■ Exercise objective
Copy out the entries below exactly as they stand, but only from the line containing "Funda Para iPhone" through the line containing "Луна до посадки".

*** Available data Section Begins ***

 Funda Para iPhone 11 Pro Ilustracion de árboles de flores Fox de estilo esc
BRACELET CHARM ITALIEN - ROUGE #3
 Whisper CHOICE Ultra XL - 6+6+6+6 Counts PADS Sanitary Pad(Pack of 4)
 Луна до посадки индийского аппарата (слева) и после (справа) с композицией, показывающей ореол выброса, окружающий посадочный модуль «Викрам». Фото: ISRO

*** Available data Section Ends ***
*** Available data Section Begins ***

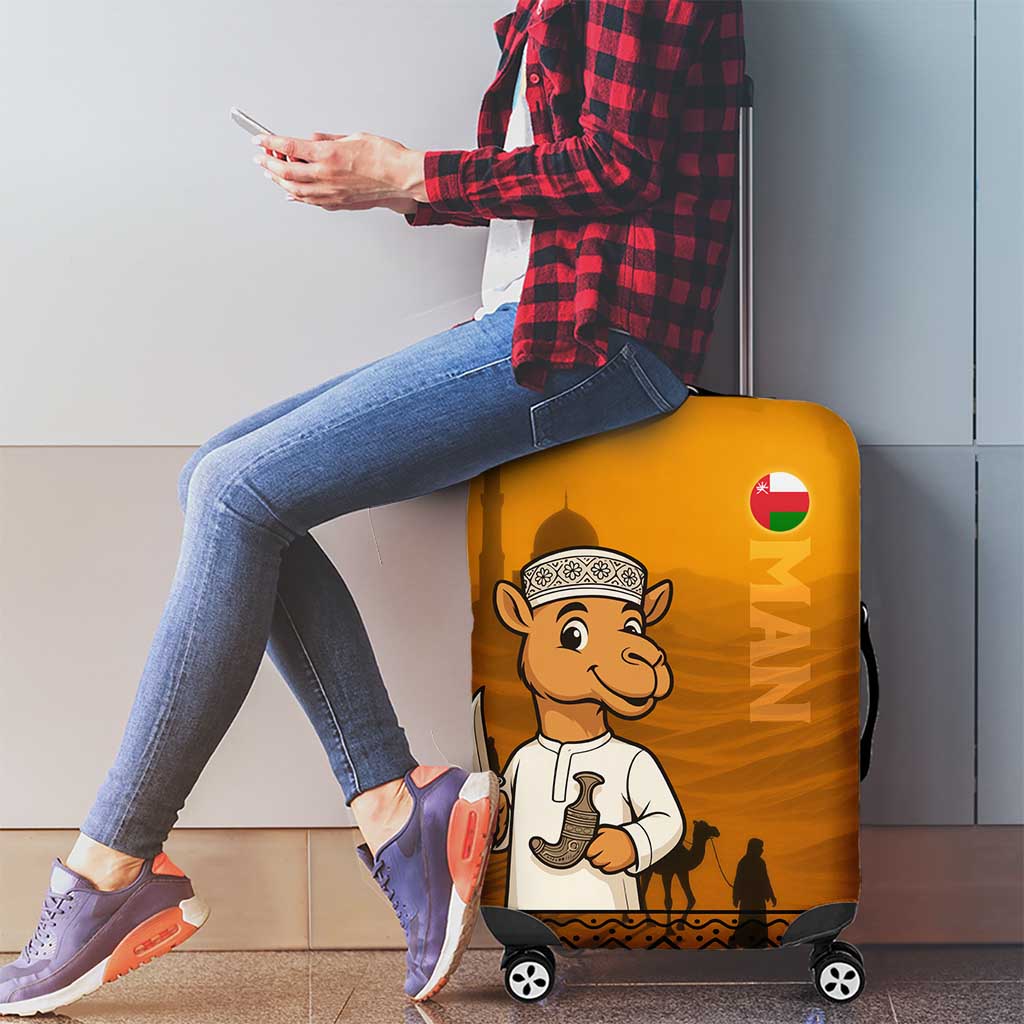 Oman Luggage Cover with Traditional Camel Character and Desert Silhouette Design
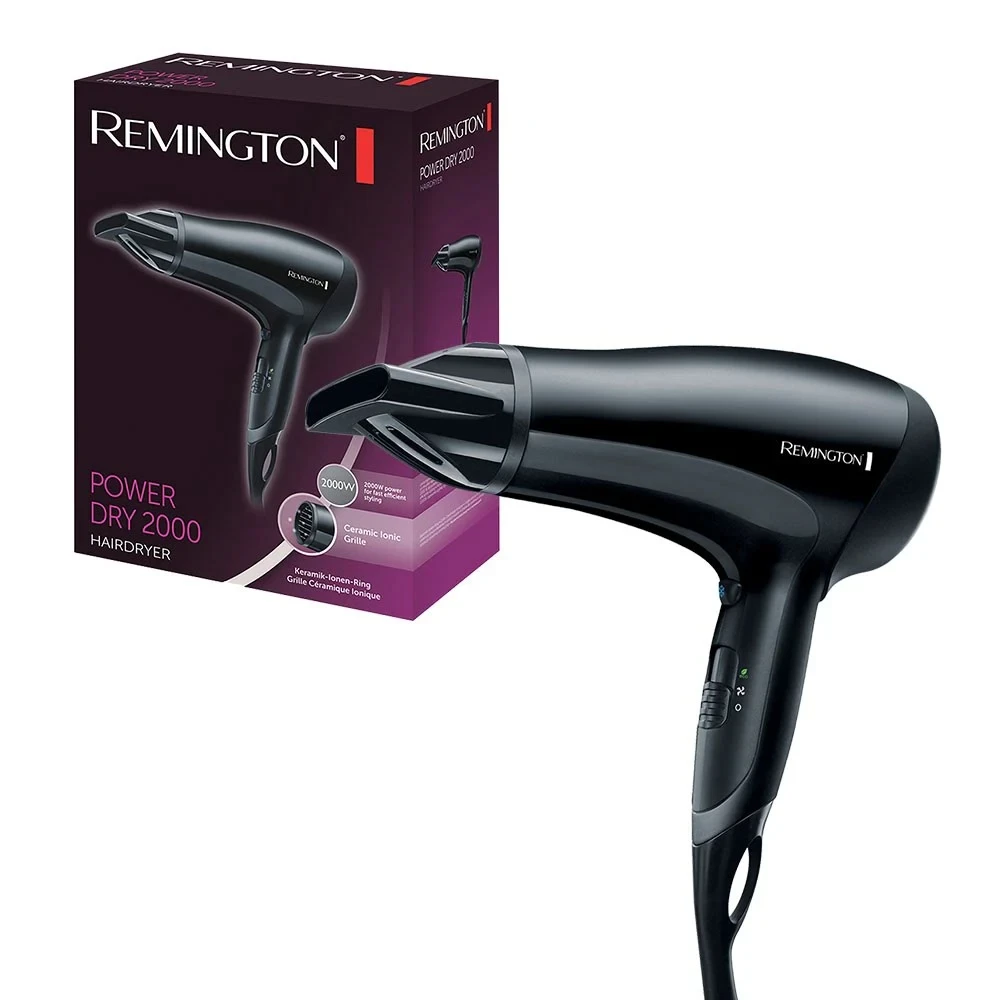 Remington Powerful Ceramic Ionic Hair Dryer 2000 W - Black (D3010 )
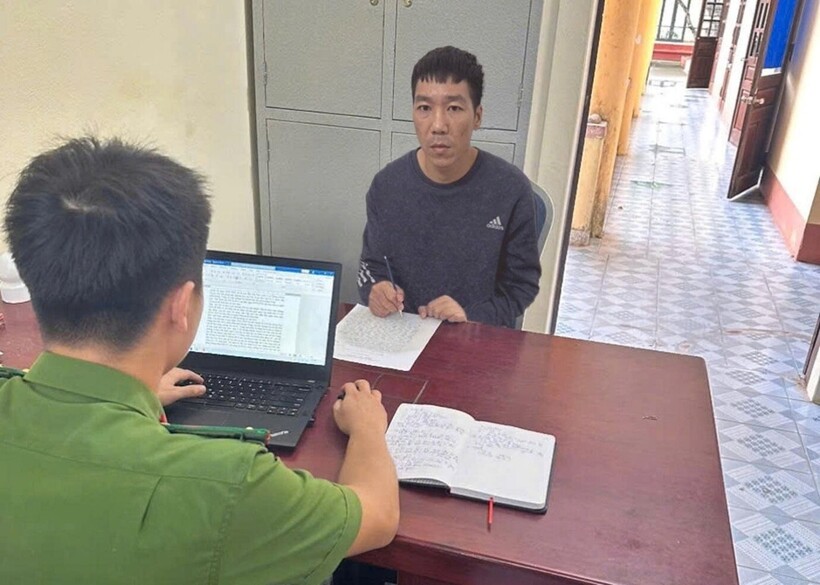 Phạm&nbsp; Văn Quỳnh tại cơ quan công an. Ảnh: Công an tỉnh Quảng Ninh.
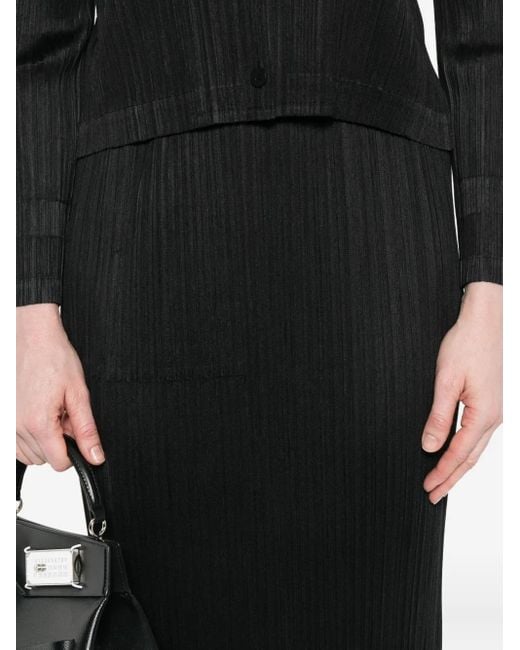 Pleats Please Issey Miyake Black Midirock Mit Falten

*** Available data Section Ends ***

■ Expected answer
 Funda Para iPhone 11 Pro Ilustracion de árboles de flores Fox de estilo esc
BRACELET CHARM ITALIEN - ROUGE #3
 Whisper CHOICE Ultra XL - 6+6+6+6 Counts PADS Sanitary Pad(Pack of 4)
 Луна до посадки индийского аппарата (слева) и после (справа) с композицией, показывающей ореол выброса, окружающий посадочный модуль «Викрам». Фото: ISRO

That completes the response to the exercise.